BEGIN Exercise data

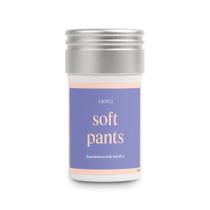 Óleo essencial AERA Warm and Cozy MoodBoost para casa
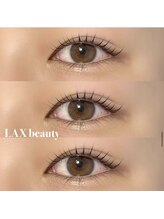 ラックス 尼崎立花(LAX)/パリジェンヌラッシュリフト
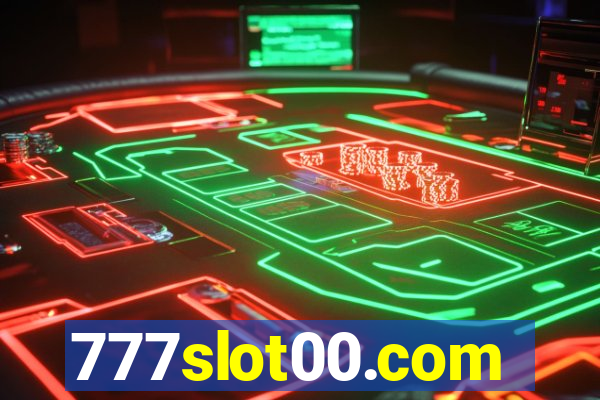 777slot00.com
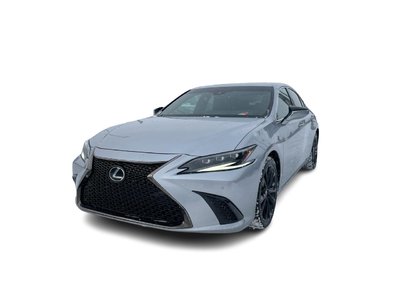 Lexus ES 300h  2023 à Laval, Québec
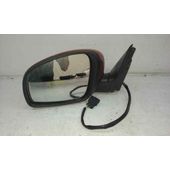 Retrovisor Izquierdo Para Skoda Fabia Combi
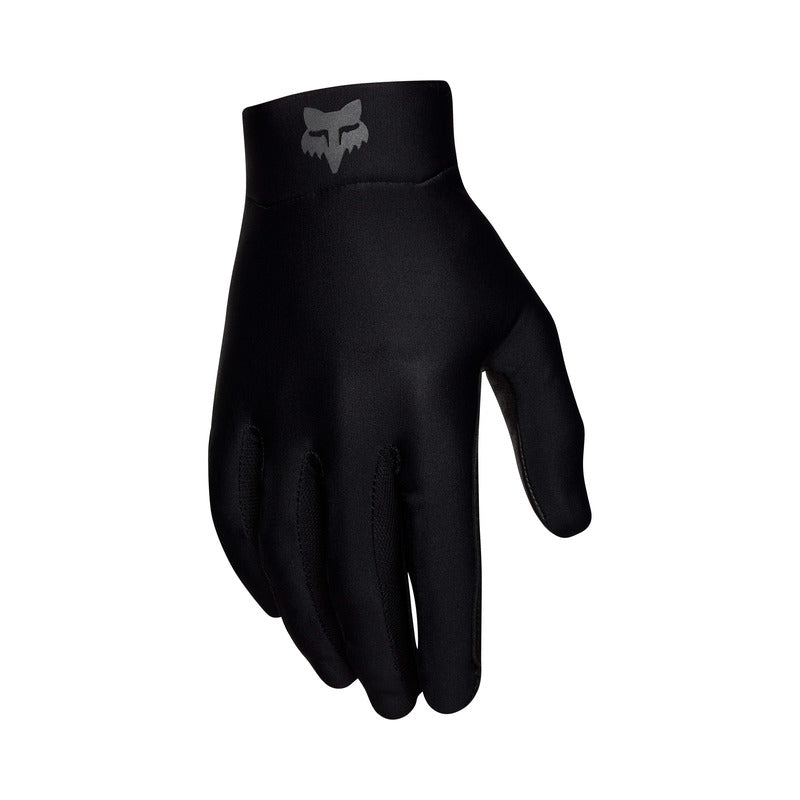 Fox Flexair Glove Lp Black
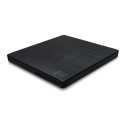 Hitachi-LG Slim Portable DVD-Writer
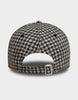 כובע מצחייה 9Forty Houndstooth Collection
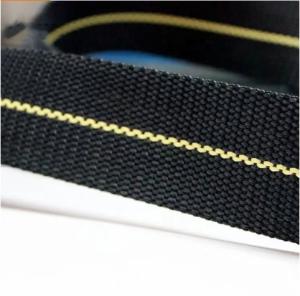 Quality Woven Aramid Conveyor Belt , High Strength Fire Retardant Kevlar Conveyor Belt wholesale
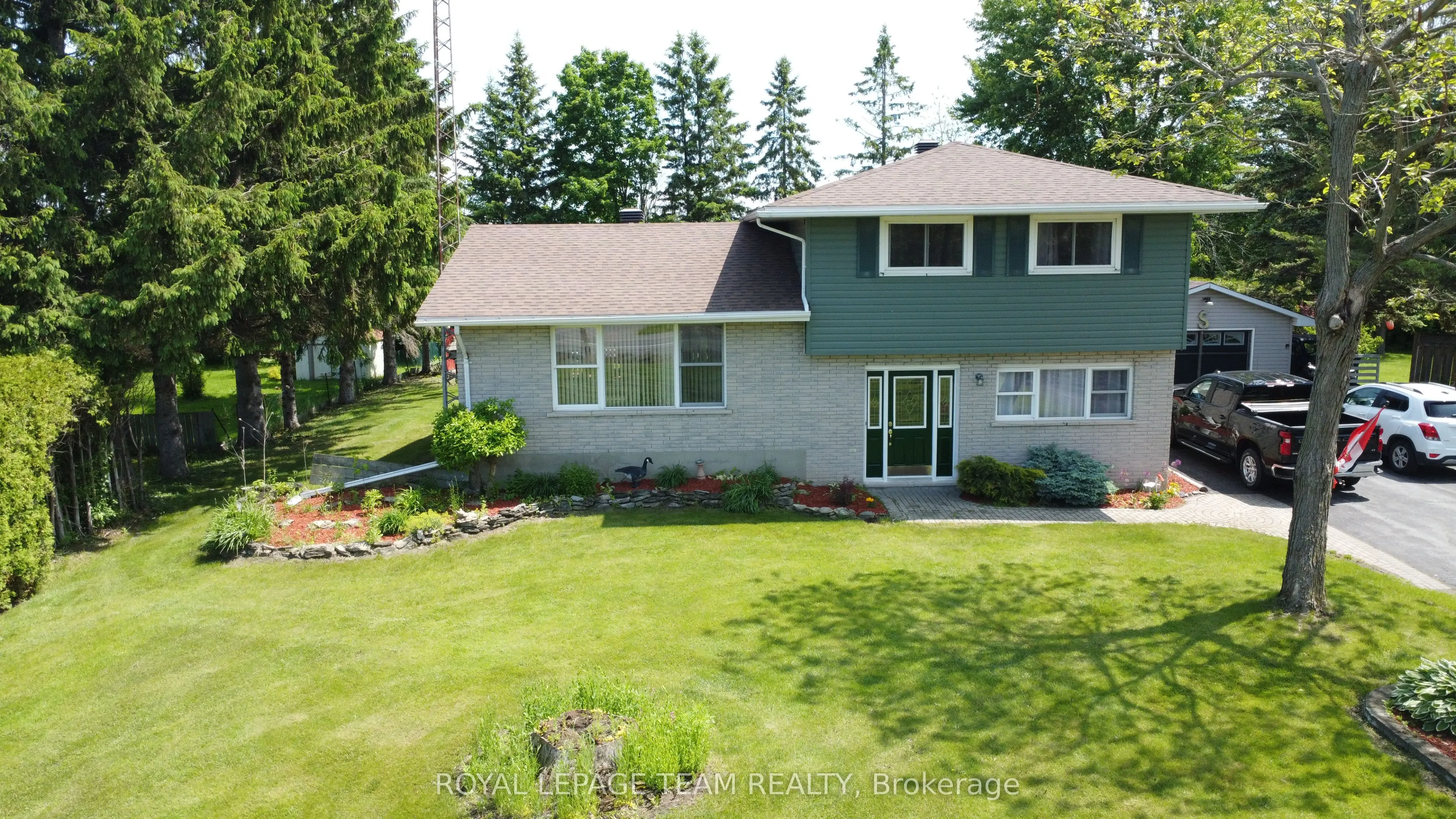 4951 (Hwy 31) Bank Street, ON K0C 2H0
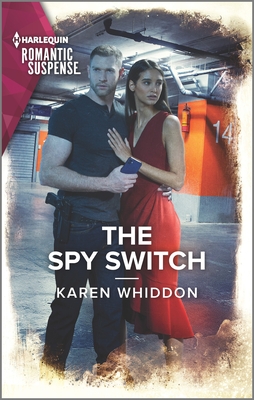 The Spy Switch book cover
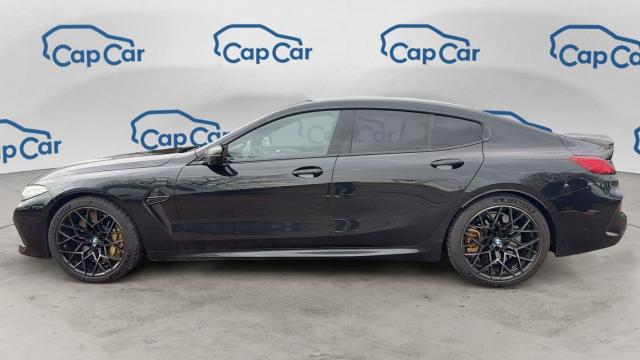 Bmw M8 image 9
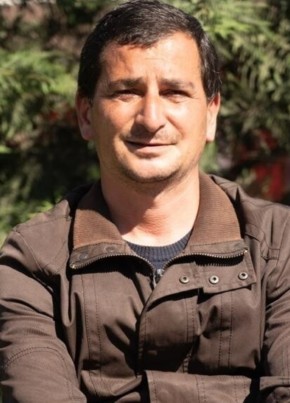 Mecid, 42, Azərbaycan Respublikası, Gəncə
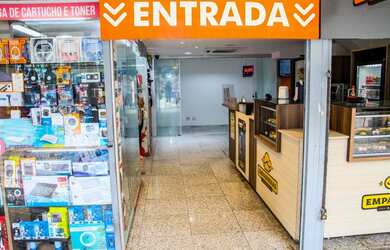 Imagem 3: Aluguel de espaço comercial no Centro - Rio de Janeiro - RJ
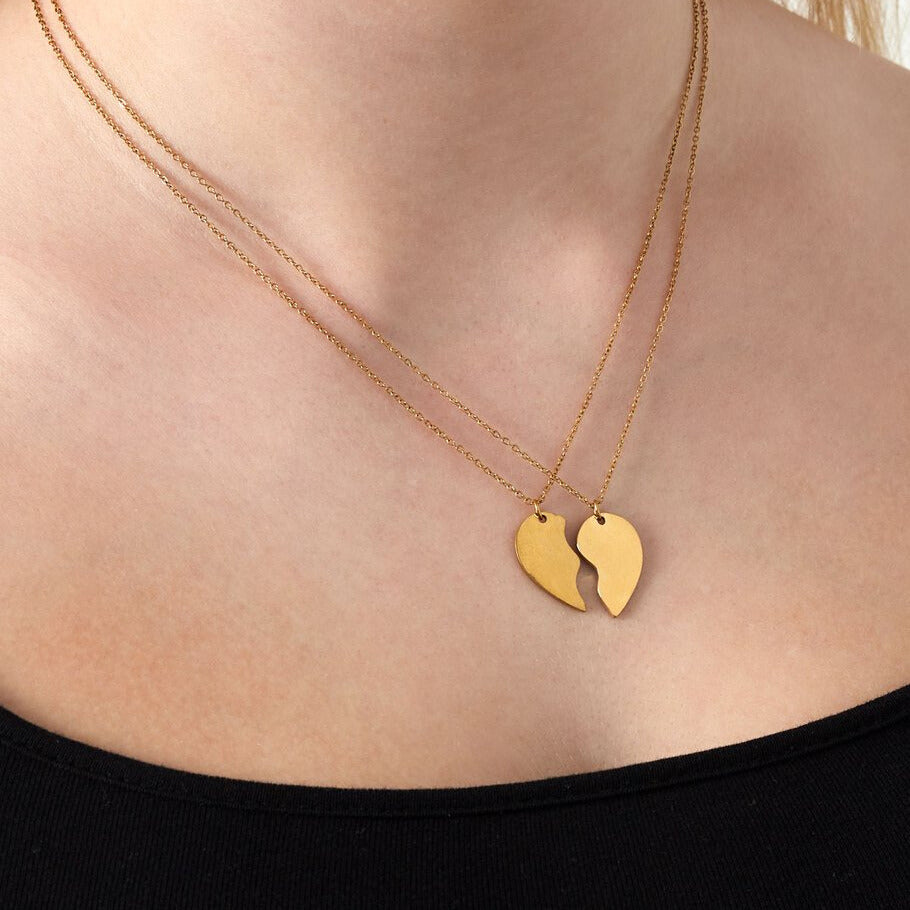 French Riviera | You Are My Bestie (Gold) 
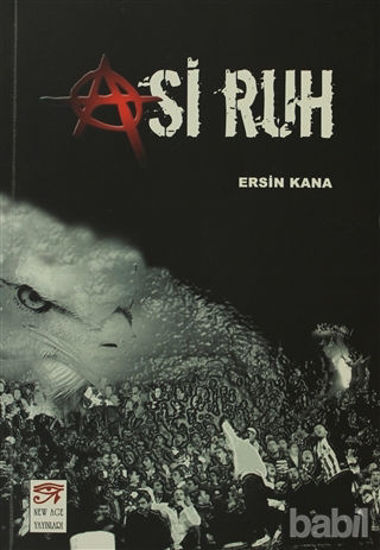 Picture of Asi Ruh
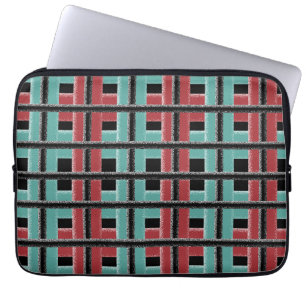 Colonisation Laptop Sleeves
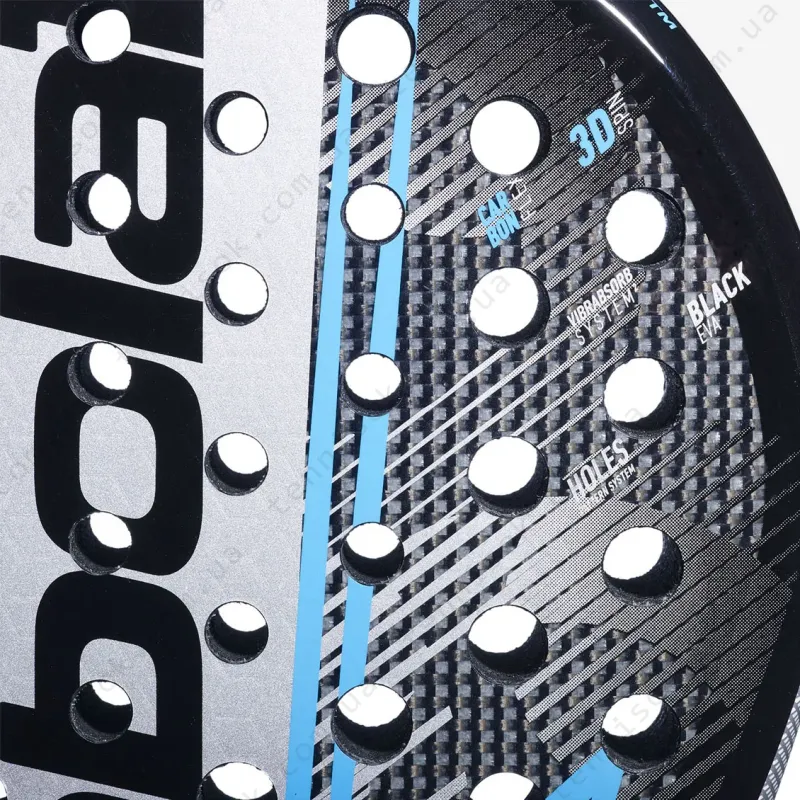 Ракетка для падела Babolat Air Veron 2.6 150180/100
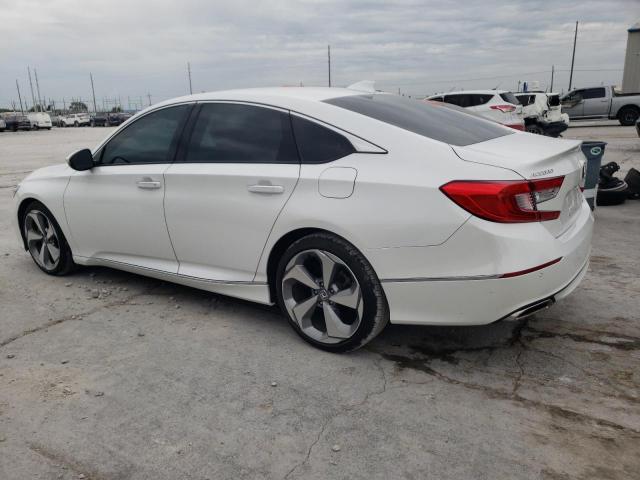 Photo 1 VIN: 1HGCV1F9XJA218454 - HONDA ACCORD TOU 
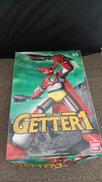 ゲッター1|BANDAI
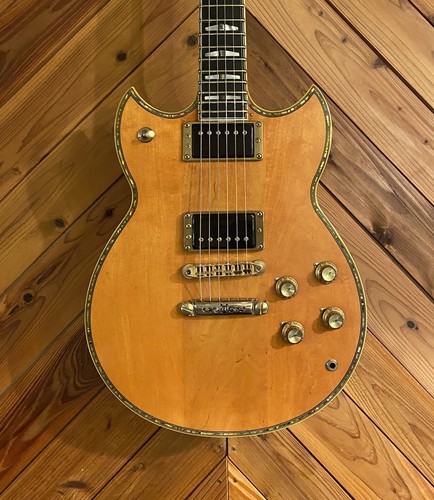 Chitarra elettrica yamaha - chitarra,
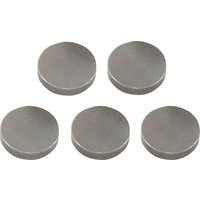 13-6731 - K&L Replacement Valve Shims For Honda CBR 1000 RR 2004-2016 1.60 mm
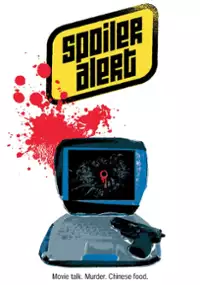 Plakat filmu Spoiler Alert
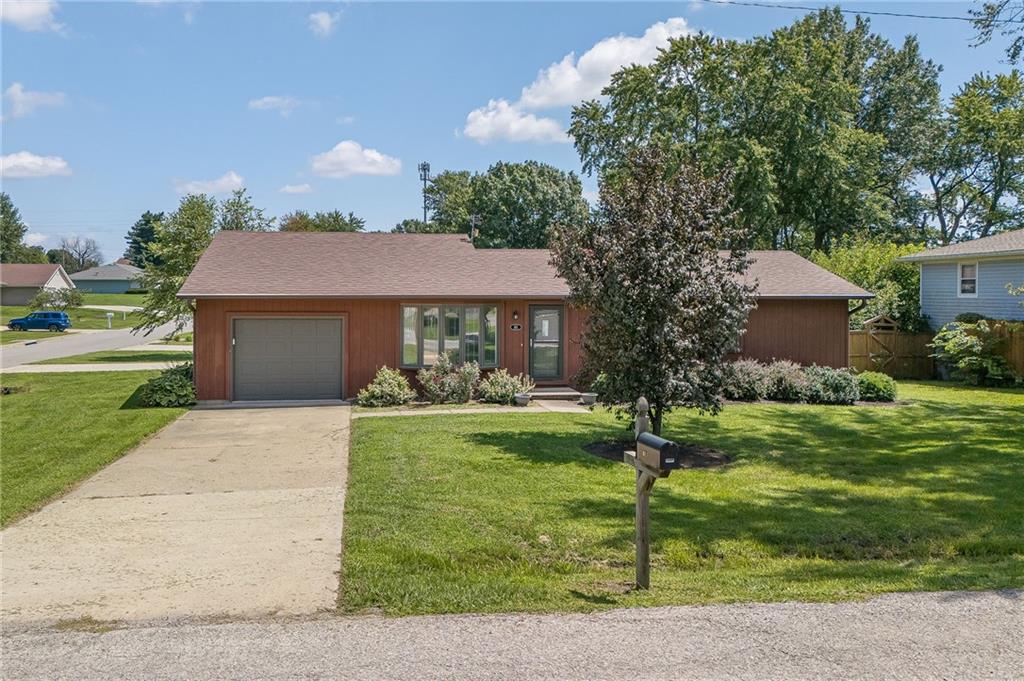 611 N 2nd StreetSavannah, MO 64485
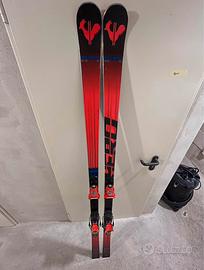 Sci Rossignol Ygreca GS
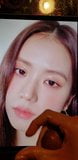 Jisoo (blackpink) kommt mit Tribut 2 snapshot 1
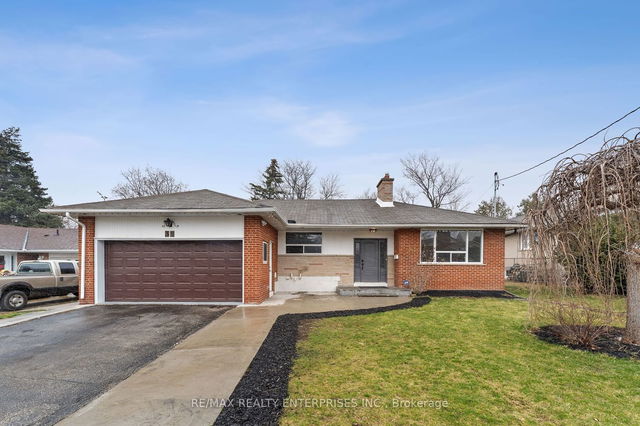 30 Nanwood Drive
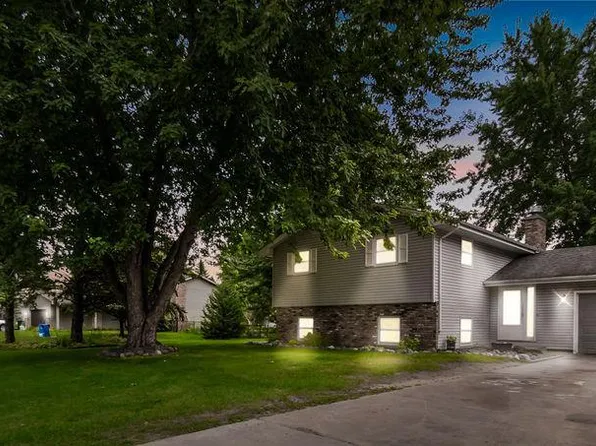 3020 166th Ln NE, Ham Lake, MN 55304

END Exercise data

● **Work required**
Only the lines from the one that contains "Photo 1 VIN: 1HGCV1F9XJA218454" through the last line of the records may appear in the answer, retyped exactly and with no pictures.

● **Finished task**
 Photo 1 VIN: 1HGCV1F9XJA218454 - HONDA ACCORD TOU 
 ゲッター1|BANDAI
 Chitarra elettrica yamaha - chitarra,
 13-6731 - K&L Replacement Valve Shims For Honda CBR 1000 RR 2004-2016 1.60 mm
 Plakat filmu Spoiler Alert
 611 N 2nd StreetSavannah, MO 64485
 Sci Rossignol Ygreca GS
 Jisoo (blackpink) kommt mit Tribut 2 snapshot 1
 30 Nanwood Drive
 3020 166th Ln NE, Ham Lake, MN 55304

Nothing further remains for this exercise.